КАК вы относитесь к Легойде?
Знаю, знаю, можете не продолжать: уважаете, цените, некоторые даже любят. А я боюсь.
Раз в месяц я нажимаю клавишу и отправляю в ФОМУ свой рассказ.
А куда еще прикажете отправлять? Назовите мне журнал, где автор, который еще не потерял интерес к жизни и способен изложить его в художественной форме, может разместить текст, не опасаясь при этом, что по дороге в типографию потеряют запятые? Да, пара -тройка редакций еще умеет составлять слова в предложения. Но одни из них, оставшихся, засучив рукава, борются с кровавым режимом, другие, наоборот, обожают упомянутый режим, размазывая по страницам слюни. Не буду врать, есть издания, сохраняющие присутствие духа,- но дух при этом носит характер сугубо толерантный, в том смысле, в котором его носителями являются чистые и убежденные агностики.
Смысл же моих скромных литературных претензий заключается в поисках любви,- и дамские романы здесь совсем не причем.
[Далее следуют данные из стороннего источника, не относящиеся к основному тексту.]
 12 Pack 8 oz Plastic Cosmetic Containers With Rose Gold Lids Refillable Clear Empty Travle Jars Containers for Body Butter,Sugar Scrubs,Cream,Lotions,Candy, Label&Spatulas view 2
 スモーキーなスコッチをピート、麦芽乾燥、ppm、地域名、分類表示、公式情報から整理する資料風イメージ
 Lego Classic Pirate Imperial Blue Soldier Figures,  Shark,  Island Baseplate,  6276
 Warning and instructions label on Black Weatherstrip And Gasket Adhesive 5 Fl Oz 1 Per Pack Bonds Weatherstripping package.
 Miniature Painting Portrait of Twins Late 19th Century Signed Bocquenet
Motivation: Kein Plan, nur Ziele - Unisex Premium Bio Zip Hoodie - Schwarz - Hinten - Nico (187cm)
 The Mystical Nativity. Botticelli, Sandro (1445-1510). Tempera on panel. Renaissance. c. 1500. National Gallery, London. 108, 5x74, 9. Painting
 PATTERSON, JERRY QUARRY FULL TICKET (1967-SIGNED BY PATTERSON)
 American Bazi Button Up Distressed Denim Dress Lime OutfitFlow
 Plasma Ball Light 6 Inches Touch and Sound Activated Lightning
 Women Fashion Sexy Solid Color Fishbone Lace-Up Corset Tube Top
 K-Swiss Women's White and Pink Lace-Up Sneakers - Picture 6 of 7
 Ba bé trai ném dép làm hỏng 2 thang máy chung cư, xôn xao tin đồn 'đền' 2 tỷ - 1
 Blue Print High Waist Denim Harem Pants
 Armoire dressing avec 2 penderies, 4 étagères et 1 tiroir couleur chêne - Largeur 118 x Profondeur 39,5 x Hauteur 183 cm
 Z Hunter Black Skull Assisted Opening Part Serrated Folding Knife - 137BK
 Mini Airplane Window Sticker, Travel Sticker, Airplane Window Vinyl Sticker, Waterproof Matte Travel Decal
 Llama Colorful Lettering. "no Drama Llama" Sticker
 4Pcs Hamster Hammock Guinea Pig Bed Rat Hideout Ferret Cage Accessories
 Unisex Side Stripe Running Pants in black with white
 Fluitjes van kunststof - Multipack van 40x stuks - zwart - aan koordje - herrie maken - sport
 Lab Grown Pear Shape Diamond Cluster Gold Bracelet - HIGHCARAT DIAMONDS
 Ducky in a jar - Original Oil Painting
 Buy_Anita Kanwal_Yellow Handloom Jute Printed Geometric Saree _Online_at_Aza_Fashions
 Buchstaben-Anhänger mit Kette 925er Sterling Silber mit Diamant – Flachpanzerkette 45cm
Внутренний мир современного человека, чья душа истосковалась по христианству,- вот что является объектом моего посильного художественного осмысления.
Казалось бы, полно православных изданий, печатайся — не хочу. Но так трудно подобрать тон, когда пишешь о вере, и так легко свалиться в сюсюканье или пафос. Я знаю, я сама бьюсь над этим в каждом тексте. А ФОМЕ это удается! Как они нашли эту верную, спокойную интонацию, эту точную дистанцию: на полшага назад — и ты в самой сердцевине.
Есть, конечно, ПРАВМИР, с его полемическим задором, и когда строчки прямо горят под руками, нужно немедленно отдавать текст к ним.
Но если ты лелеял каждое слово, робко выставляя на показ свой религиозный опыт, которому сам едва веришь,- только ФОМА.
— Мне понравилось!- незамедлительно отвечает мне по почте юный Шешин,- отправляем Владимиру Романовичу!
И мы почтительно ждем.
Ждем, что скажет мне главный редактор самого лучшего журнала.
И через три- четыре дня я нахожу у себя в почте ликующее послание: -Ему понравилось! Ставим на июнь!
А иногда бывает даже и так: звякнет ноутбук, и у меня в личке появится аватарка со знакомой фамилией.
— Спасибо, Елена Константиновна,- пишет мне страшный главный редактор,- за ваш рассказ!